Task to carry out – The entries that follow need to be printed exactly as they are, minus any pictures.

____

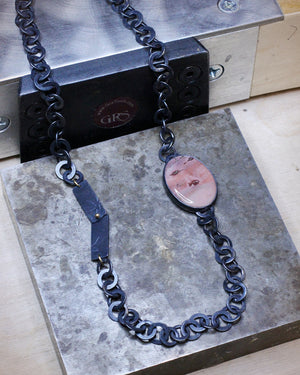 Imperial jasper necklace with handcrafted oxidized chain and gold accents resting on metal surface, highlighting botanical tab detail.
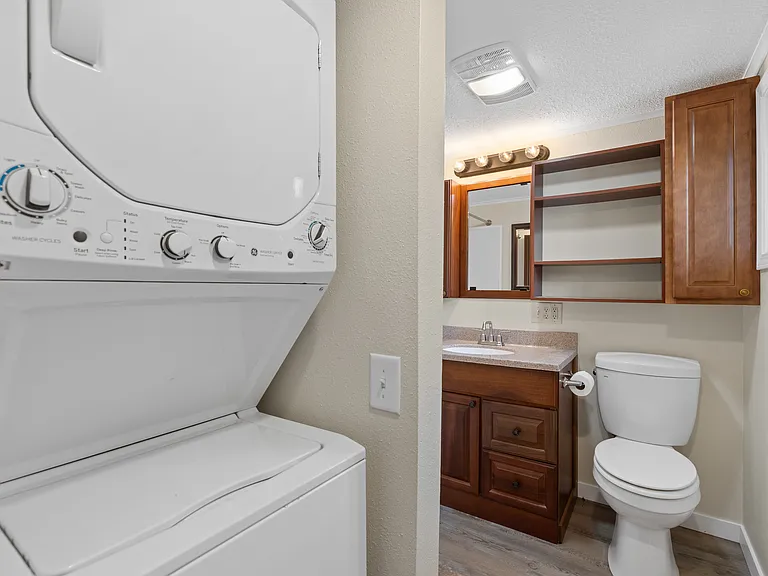 In-unit stacked washer and dryer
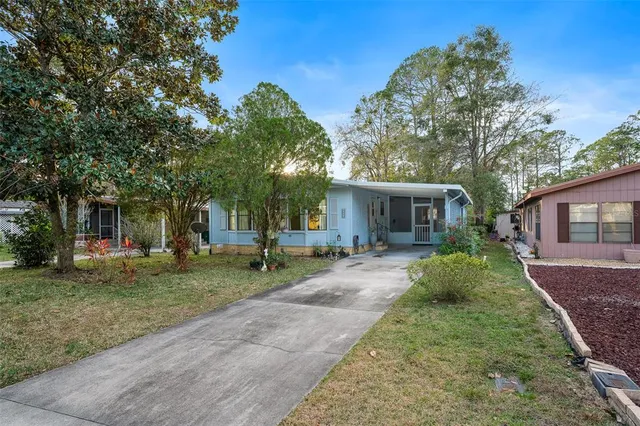 a front view of a house with a yard and potted plants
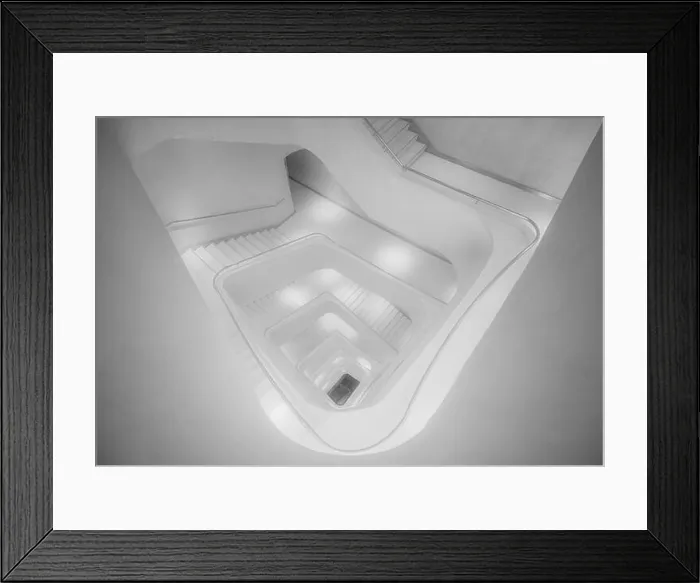 Framed Print : From above of perspective contemporary illuminated stairway in white color going spiral Framed Print : From above of perspective contemporary illuminated stairway in white color going spiral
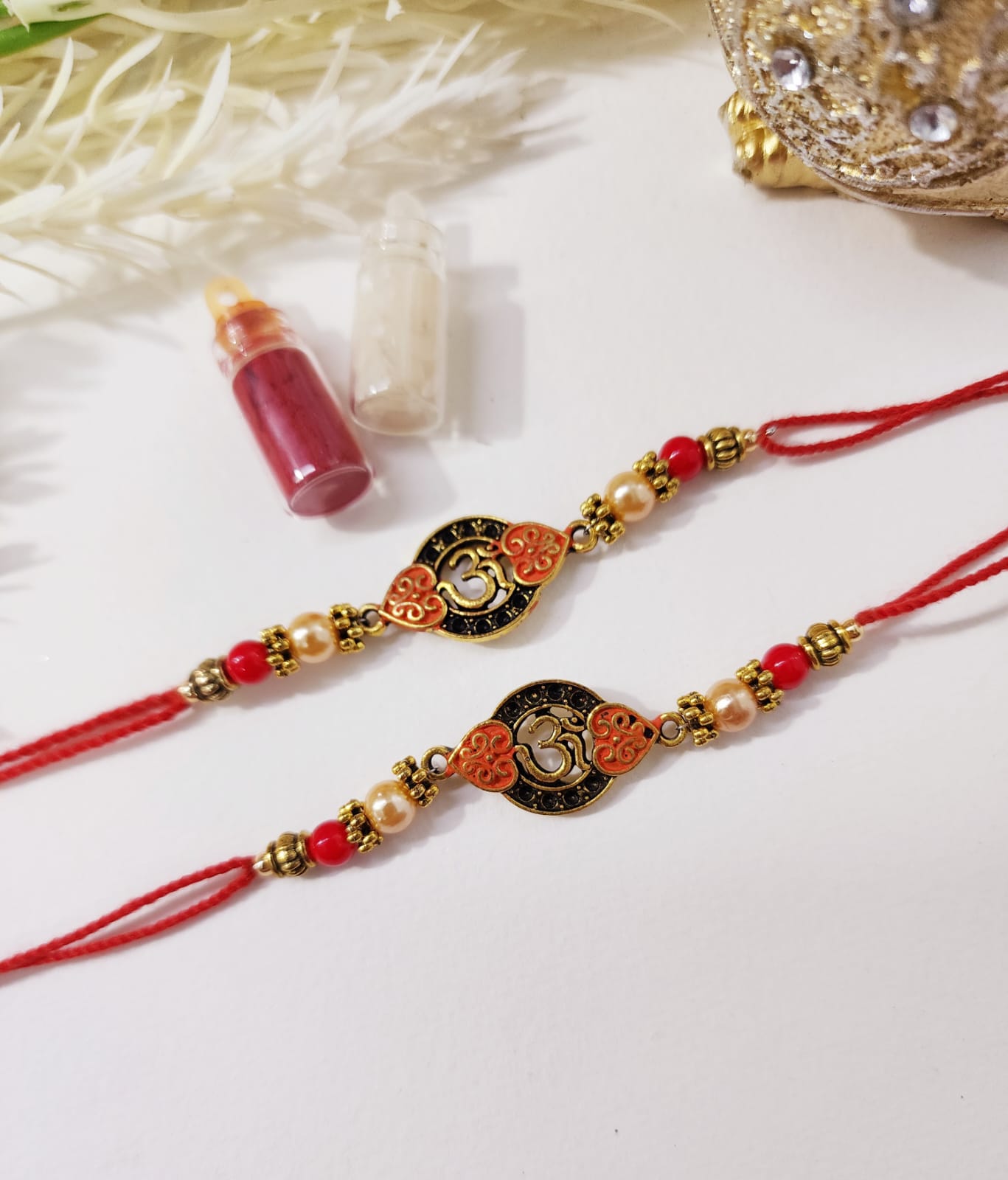 Two traditional Indian rakhi bracelets with red thread and decorative elements, displayed alongside a small bottle of tilak (a ceremonial mark).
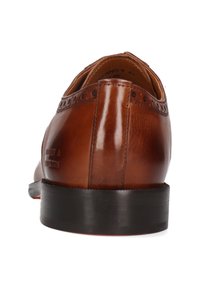 Chaussure habillée en cuir marron avec semelle noire, détails de brogue près du talon, vue de dos sur fond blanc.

____

Task solution –
 Imperial jasper necklace with handcrafted oxidized chain and gold accents resting on metal surface, highlighting botanical tab detail.
 In-unit stacked washer and dryer
 a front view of a house with a yard and potted plants
 Framed Print : From above of perspective contemporary illuminated stairway in white color going spiral Framed Print : From above of perspective contemporary illuminated stairway in white color going spiral
 Two traditional Indian rakhi bracelets with red thread and decorative elements, displayed alongside a small bottle of tilak (a ceremonial mark).
 Chaussure habillée en cuir marron avec semelle noire, détails de brogue près du talon, vue de dos sur fond blanc.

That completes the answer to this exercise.